Mahkemece, 2004/23 Esas, 2005/278 Karar sayılı hüküme esas dava dilekçesi ve duruşma gününün davalı ..."ye tebliği için “ ... mah. ... sok. ... Apt. No:7/7 ...” adresine çıkartılan davetiye, 16.01.2004 tarihinde, adresten ayrıldığı ve yeni adresinin bilinmediğinden bahisle iade gelmiş olup, davacı vekilinin 21.01.2004 havale tarihli dilekçesinde, davalı ..."nin de içinde olduğu bazı davalıların noterde bulunan evraklarındaki adreslerine Tebligat Kanunu"nun 35. maddesine göre tebligat yapılmasını talep ettiği anlaşılmıştır. Dosya arasında bulunan 11745 yevmiye numaralı noterde düzenlenen belgeye göre davalı ..."nin adresi, “ .... Oteli .... sok. Belediye Parkı arkası .../...” olmakla, iş bu belge dosyaya 18.06.2007 tarihli Yargıtay 11. Hukuk Dairesi geri çevirme kararından sonra girmiş olup, davalı adına çıkarılan ikinci tebligat, bu adrese değil ilk tebligatın çıktığı adrese yollanarak Tebligat Kanunu"nun 35. maddesine göre tebliğ yapılmıştır. Bu durumda, Tebligat Kanunu"nun 35. madde şartlarına aykırı şekilde, usulüne uygun olarak bir kez bile tebligat yapılamayan bir adrese tebligat yapılmıştır. Gerekçeli kararın da aynı şekilde usulüne uygun olmaksızın tebliğ edildiği görülmüştür. Böylece, HMK"nun 27 inci HUMK"nun 73 üncü maddelerine aykırı olarak taraflar dinlenmeden, iddia ve savunmalarını beyan etmeleri için davet edilmeden hüküm verilmiştir.

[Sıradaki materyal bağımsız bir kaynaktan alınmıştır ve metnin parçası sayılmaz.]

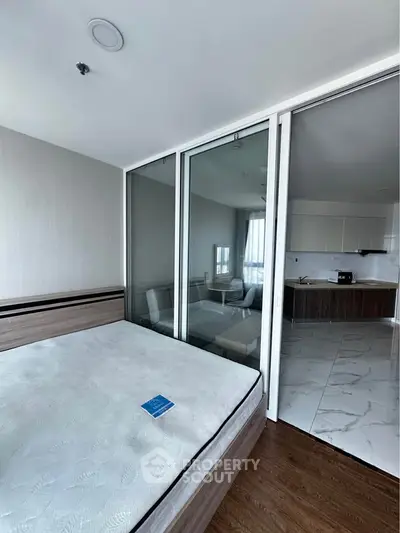 Modern bedroom with glass partition and view into sleek kitchen area
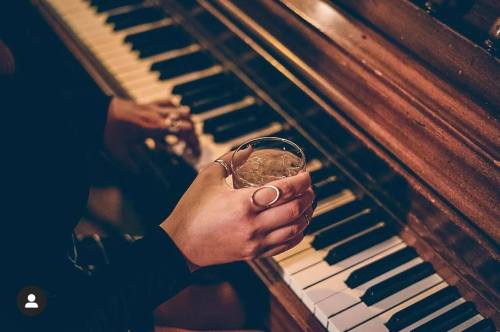 A hand holding a drink rests on a piano, with another hand playing the keys in a dimly lit setting.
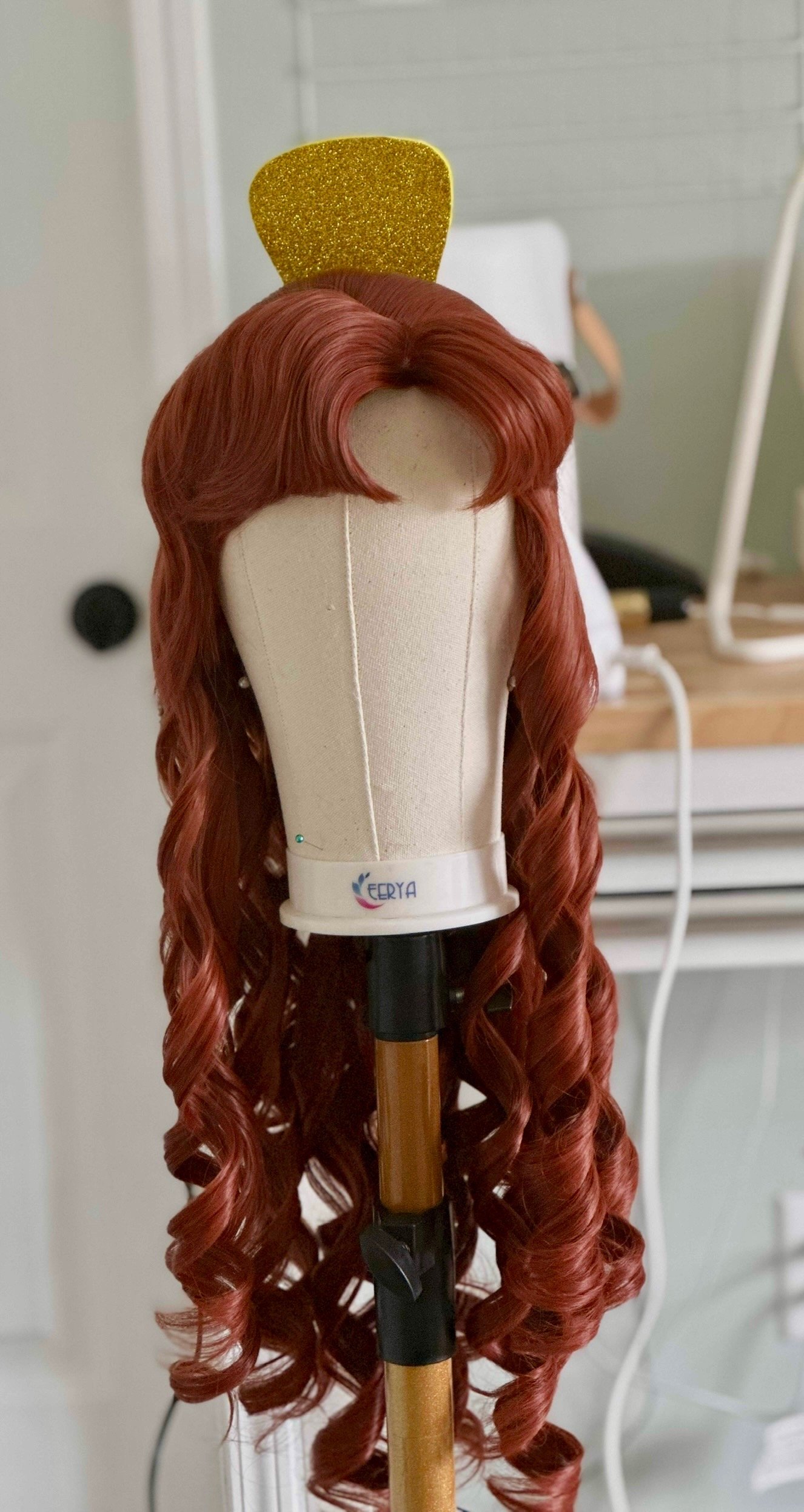 A red wig with long, curly hair and a glittery yellow hair accessory, mounted on a wig stand, in a room with a wooden table and white wall in the background.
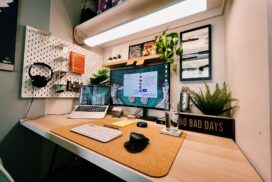 A neatly organized home office desk with a laptop, monitor, keyboard, mouse, plants, headphones, and a sign that reads "NO BAD DAYS.
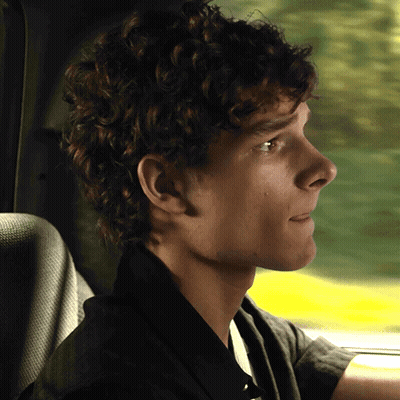 Young Man With Curly Hair In Driver's Seat GIF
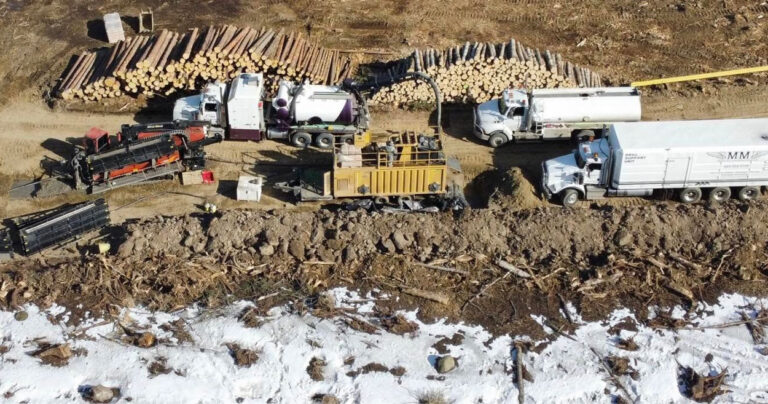 Calgary and Edmonton construction company at Alberta worksite aerial shot.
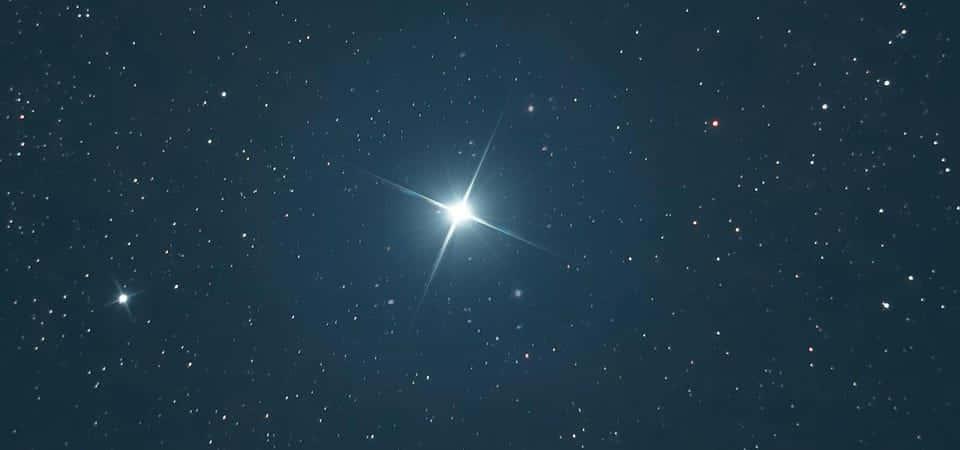 太空 桌布 壁紙 — 一顆帶有輻射尖刺的明亮恆星主導著深藍色星場，點綴著遠處閃爍的燈光。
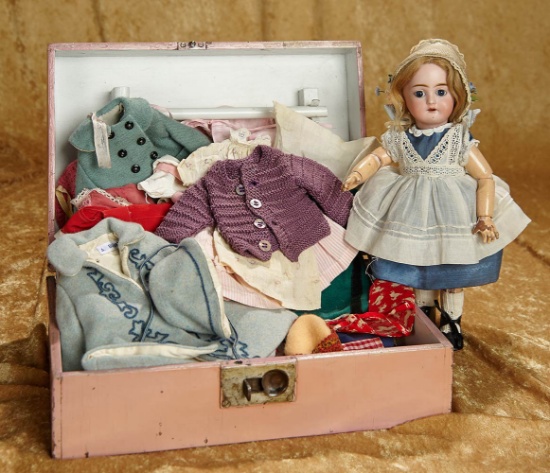 11" French bisque doll in the Bleuette genre with extensive wardrobe. $600/800
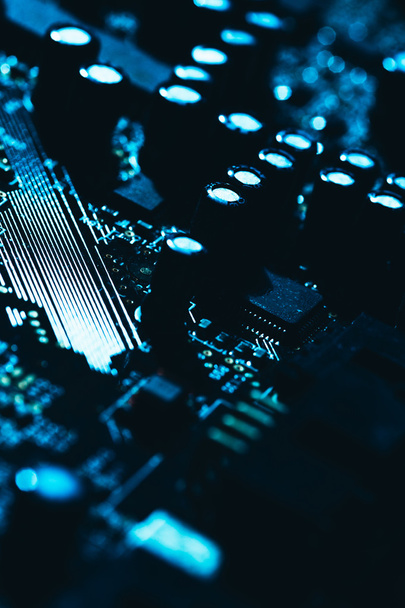 computer motherboard in blue dark background close-up - Fotó, kép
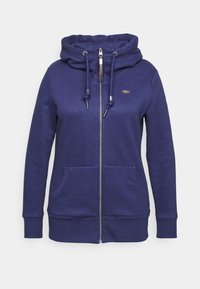 Marineblauwe rits hoodie van zachte stof. Heeft een hoge kraag, een trekkoord met metalen uiteinden en twee voorzakken.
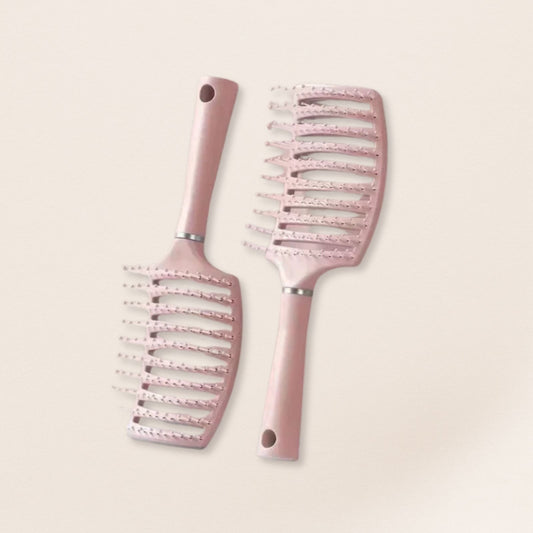 Two pink hairbrushes for fine hair with decorative patterns on a light beige background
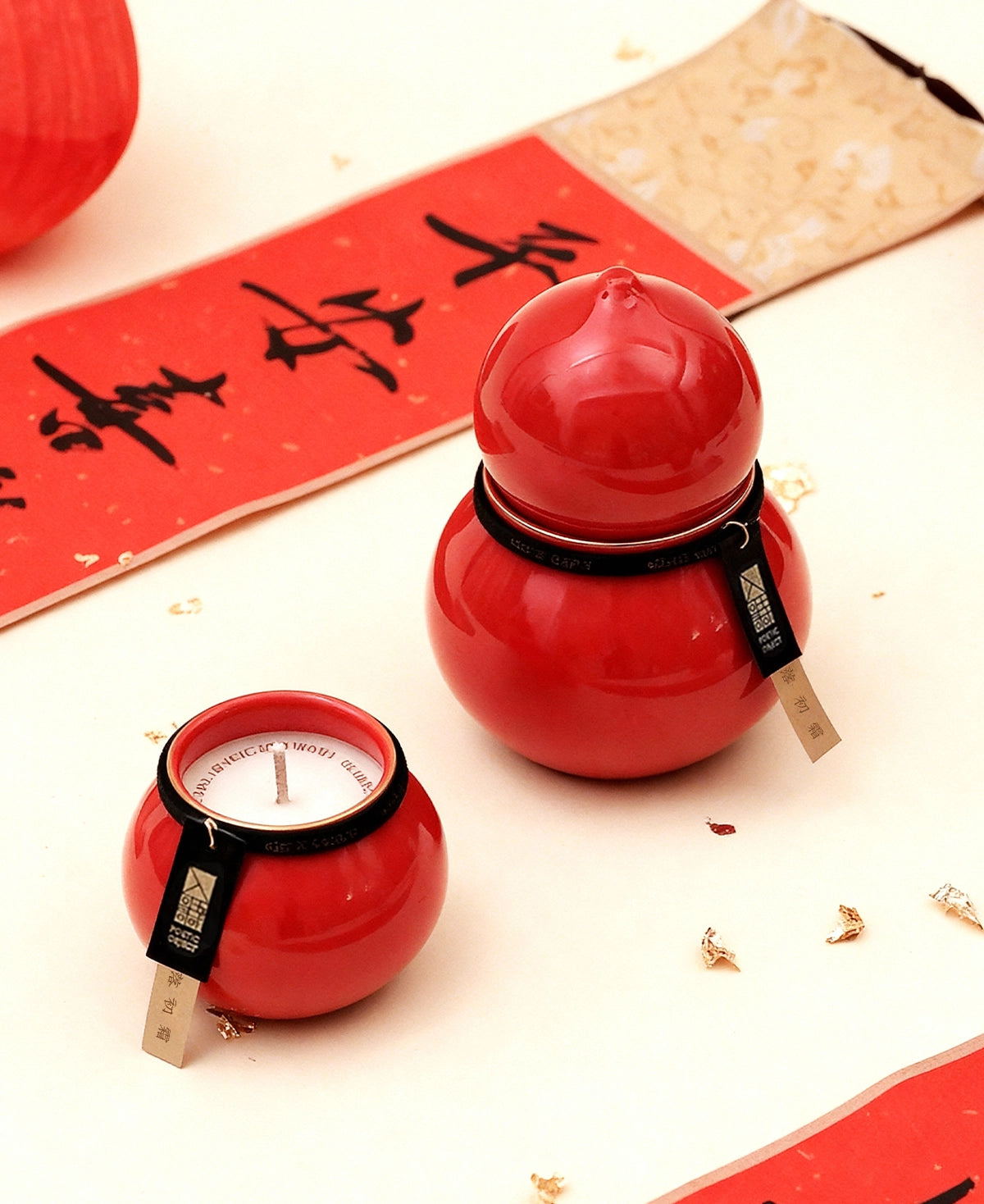 A pair of red Wu Lou shaped porcelain scented candles on a traditional Chinese scroll background, elegant tabletop decor gifts.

Bu ilke çerçevesinde mahkemece, 01.04.2010 tarihinde verilen hüküm, davalı ... yönünden 2004/23 Esas, 2005/278 Karar sayılı kararın kesinleştiğinin tespitine yönelik olup, kendisine iş bu karar tebliğ edilmemiştir. Davalının, bozmadan evvel verilen ilk hükmün içeriğini, Tebligat Kanunu"nun 32 inci madde uyarınca, temyiz dilekçesi tarihinde öğrenmiş sayılmakla, davalının temyizinin 2004/23 Esas, 2005/278 Karar sayılı ilama ilişkin olduğunun kabulü gerekmiştir. Bu durumda, davalının, savunma hakkı kısıtlanmaksızın, usulüne uygun olarak, dava dilekçesinin tebliği ile taraf teşkili sağlanarak yargılama işlemlerine dahil edilmesi gerekirken, yazılı şekilde hüküm tesisi doğru olmamıştır.
SONUÇ: Yukarıda açıklanan nedenlerle, davalı ... vekilinin temyiz itirazlarının kabulü ile hükmün, davalı yararına BOZULMASINA, peşin harcın istek halinde iadesine, kararın tebliğinden itibaren 15 gün içerisinde karar düzeltme yolu açık olmak üzere, 15.02.2012 tarihinde oybirliğiyle karar verildi.